A central question in complexity theory is how large-scale phenomena, such as such as self-organisation, perpetual novelty, and sustained diversity, emerge. Complex systems can be understood as networks of interacting components. The focus of this research is the role that the properties of such networks play in self-organisation and emergence in complex systems.
Based on the previously known concept of Dual Phase Evolution (DPE), I propose a theoretical framework, within which recurrent phase transitions in network connectivity underlie emergent phenomena in many systems. This DPE framework extends and refines the original concept.
Networks can exist in two general connectivity phases: well connected and poorly connected. DPE relates each of the two connectivity phases and the transition events between them to typical system dynamics. I analyse empirical and experimental evidence from published studies in areas as diverse as physics, biology, socio-economics, mathematics and computer science. The analysis implies that DPE is widespread and operates in many kinds of complex systems, where it drives emergence and self-organisation. What is more, the analysis uncovers hitherto unstudied deep similarities and common underlying processes between different complex systems.
To further understand the theoretical concepts of the DPE framework, I apply DPE in studies of mechanisms behind particular emergent properties in several types of complex systems:
Seeking to better understand the emergence of novelty and diversity in ecosystems, I develop and study an individual-based simulation model of adaptive radiation (speciation) in landscapes. Simulation results imply that recurrent external disturbances facilitate perpetual novelty and diversity in landscape populations through two complementary mechanisms: One mechanism constitutes recurrent DPE phase changes in landscape connectivity on several levels. The other mechanism is alteration of the environment in disturbed areas leading to modified selection regimes.
As a result of the simulation studies of landscape evolution, I develop a new genetic model that combines the advantages of two existing genetic models. The new model allows individual-based simulation studies of genetics on holey fineness landscapes (HFLs). Such fitness landscapes result from biochemical constraints to genetic viability and have previously only been studied analytically. Simulation studies of reproductive isolation uncover that when HFLs are considered, common predictions about maintenance of reproductive isolation in migrating populations change. Results also show that HFL-genetics can facilitate the emergence of stable hybrid populations, and the evolution of social selection though reinforcement.
Continuing to study and apply DPE, I investigate how DPE processes can lead to the emergence of important network topologies. Using simulations models, I demonstrate two possible mechanisms behind emergent connectivity phase transitions without facilitation by external stimuli. A study of social network models reveals simple mechanisms that lead to structures typical of some real social networks and points towards general principles for emergence of important topologies such as modularity. A study of a network model of co-operations in markets reveals further mechanisms behind the emergence of complex and hierarchical modularity.
Generative models for scale-free networks, that are ubiquitous in many natural systems, are well known, however, such models apply to growing networks. I propose and examine a generative model for scale-free topologies that can account for some scale-free networks of constant size found in nature.
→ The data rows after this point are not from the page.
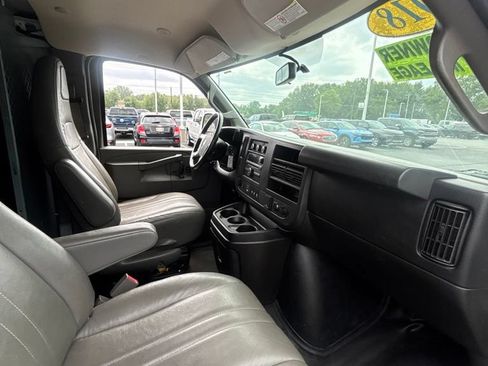 Used 2018 Chevrolet Express 3500 Extended w/ Driver Convenience Package RWD image 10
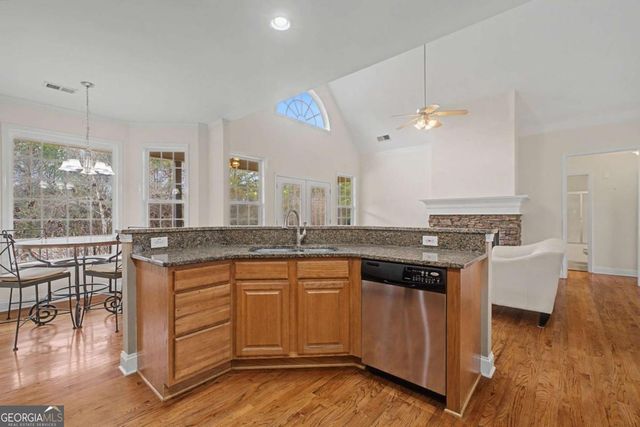 35 Applewood Lane, Taylorsville, GA 30178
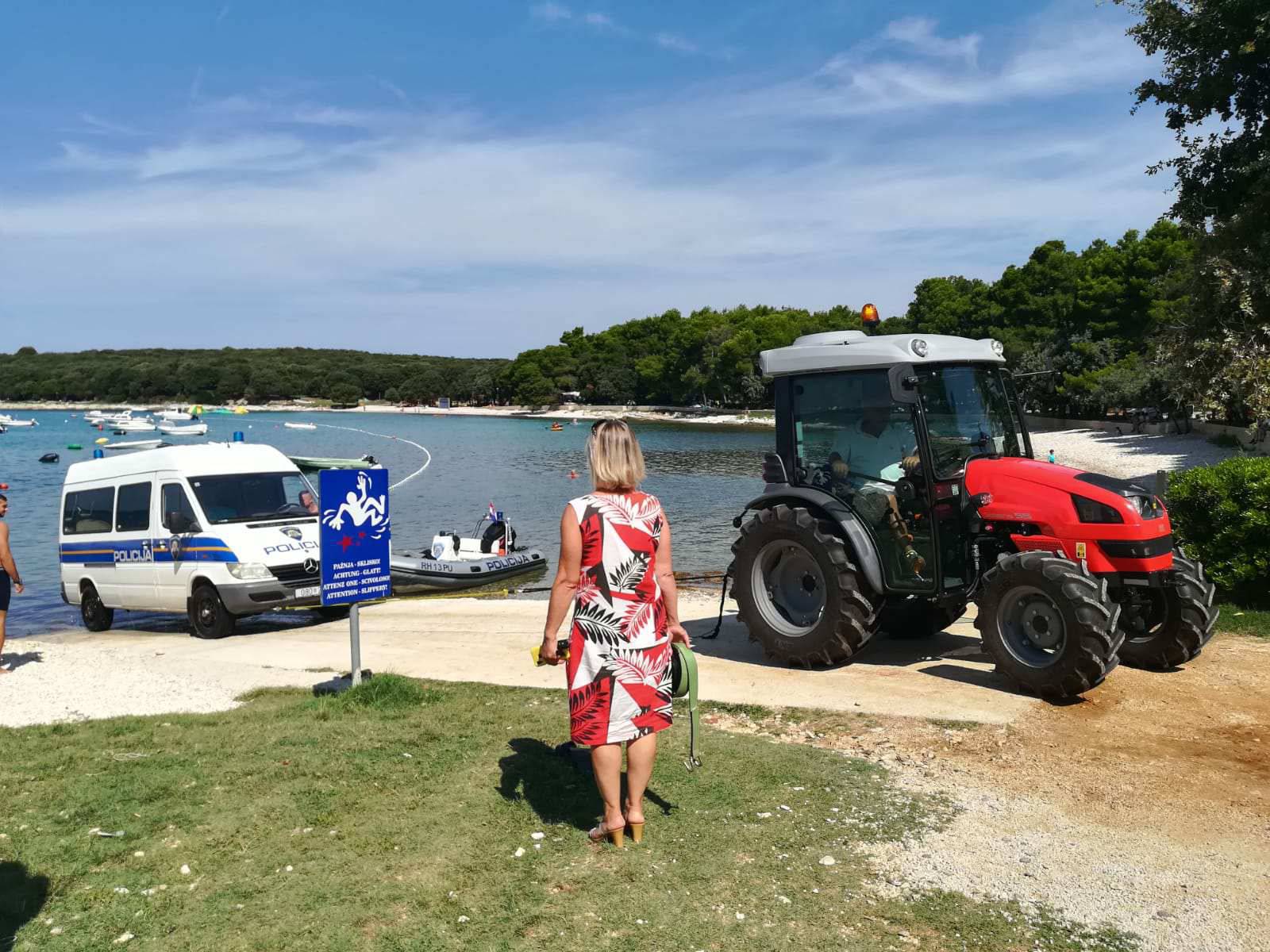 VIDEO Policijski kombi u moru: Izvlačili gumenjak pa se okupali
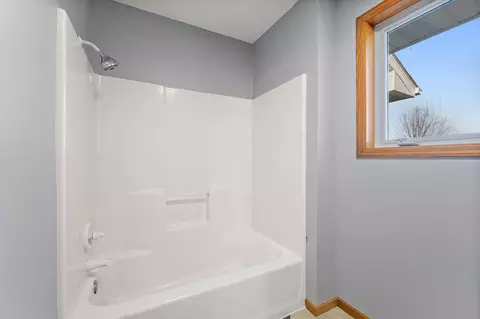Bath - 5755 232nd St W, Faribault, MN 55021 photo 4 of 6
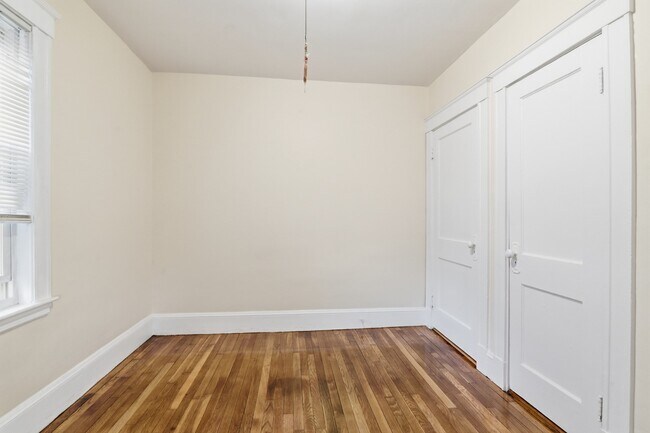 Building Photo - 60 Raycroft St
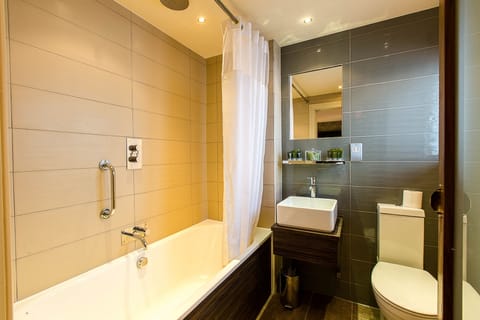 Standard Double Room | Bathroom | Free toiletries, hair dryer, towels, soap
A wider context for DPE as a framework for reasoning about complexity is provided by examining the relationship between DPE and other established concepts such as Self-Organised Criticality and the Adaptive Cycle. In conclusion, DPE complements other established theories.
In general, network-theoretical approaches, such as DPE, are powerful paradigms in understanding complexity. This thesis shows that recurrent changes in connectivity of component interaction networks constitute a broad mechanism for emergence and self-organisation in complex systems, and demonstrates this mechanism in several specific biological and socio-economic systems.